Denas Grybauskas, the Head of Legal at Oxylabs, says, that "we can expect that during 2023 other legal grounds and arguments will be tried and become more popular in the courts against data scraping companies, such as infringement of terms of service, intellectual property protection, etc.”

As 2022 ended with quite a few stories of personal data scraping and data breaches (Clearview fines in Europe, Meta database leak that affected more than 500M users, Meta's GDPR fines, etc.) According to Denas, we can expect more spotlight on personal data scraping from regulators and authorities.

“Finally, 2023 might be the year when the scraping and data collection industry will begin self-regulation initiatives,” says Grybauskas. 

Intensive scale of web data applications

Gediminas Rickeviius - the VP of Global Partnerships at Oxylabs, is confident that with evolving AI capabilities next year, the same as in 2022, the importance and scale of web data applications in commerce will continue to grow. 

Rickeviius predicts that further parallel evolution of web scraping and blocking systems can also be foreseen. It means a greater need for resources and know-how. 
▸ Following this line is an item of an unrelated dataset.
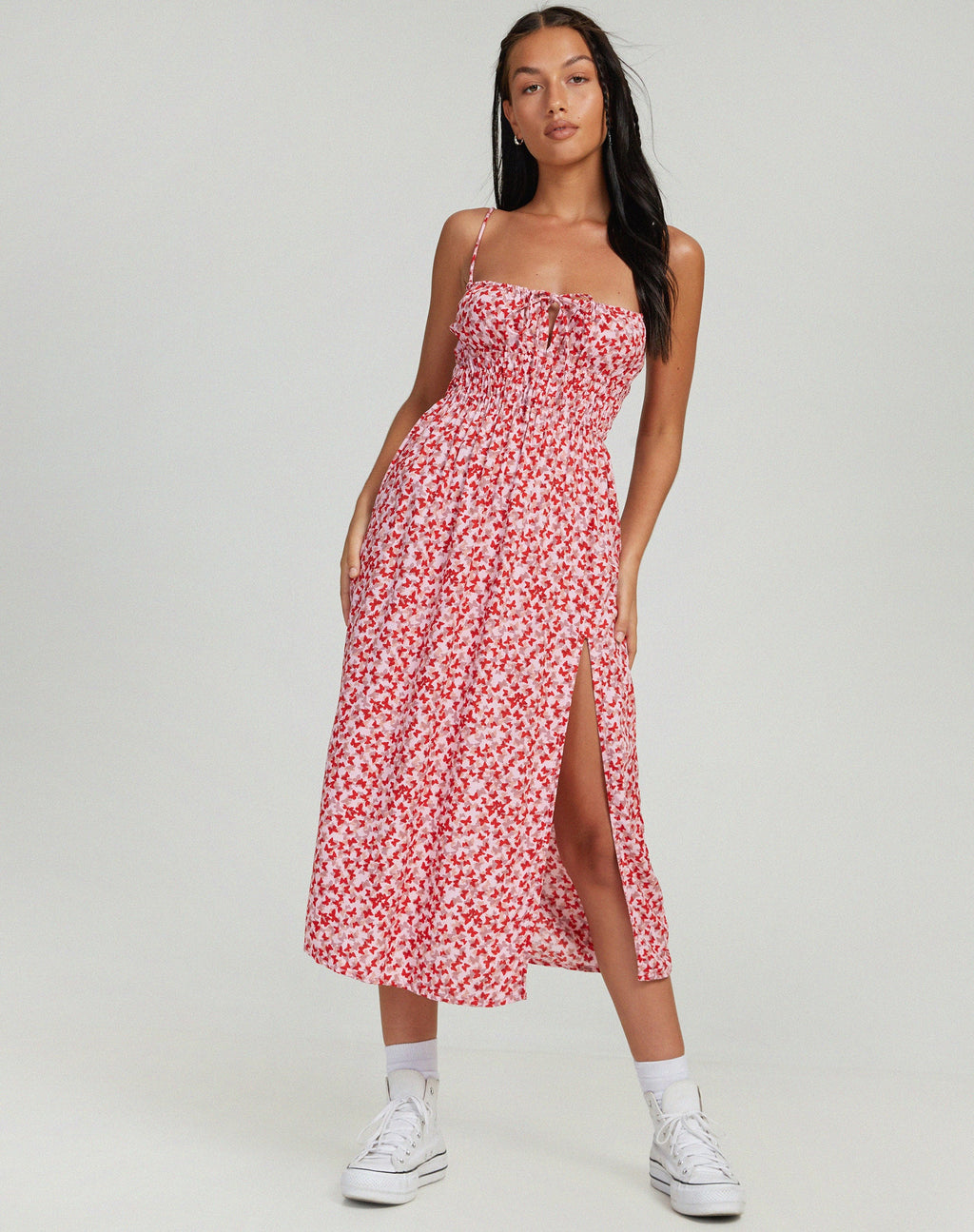 Jeyro Midikleid in Ditsy Butterfly Pfirsich und Rot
“Therefore, I suggest leaving web scraping in the expert’s hands," he says. 

"Although the cost of commercial scraping will increase, doing it yourself will be even more expensive than with professionals’ help.” 

Focus on machine learning 

According to Julius Erniauskas, the CEO at Oxylabs, more machine learning models will be deployed in the field. 

“Although there have been many ML failures in the past, I believe the tide is turning for ML engineering teams due to a combination of greater attention on data quality and economic pressure to make ML more useful."

Data scientists were formerly expected to work on a wide variety of data projects. However, when the next generation of data technology becomes more widely used, data scientists will devote their talents to more complex projects using hand-crafted prediction models.

“Many businesses will have difficulties in the next year. As a result, IT companies must discover methods to save expenses, make the greatest use of data scientists' time and talents, and incorporate machine learning and predictive modelling capabilities into teams that directly influence revenue and profitability," says Erniauskas.

“As a result, I expect that businesses will maximise data science resources by augmenting skilled data scientists inside the company with data technologies that automate regular portions of data science work using reliable approaches."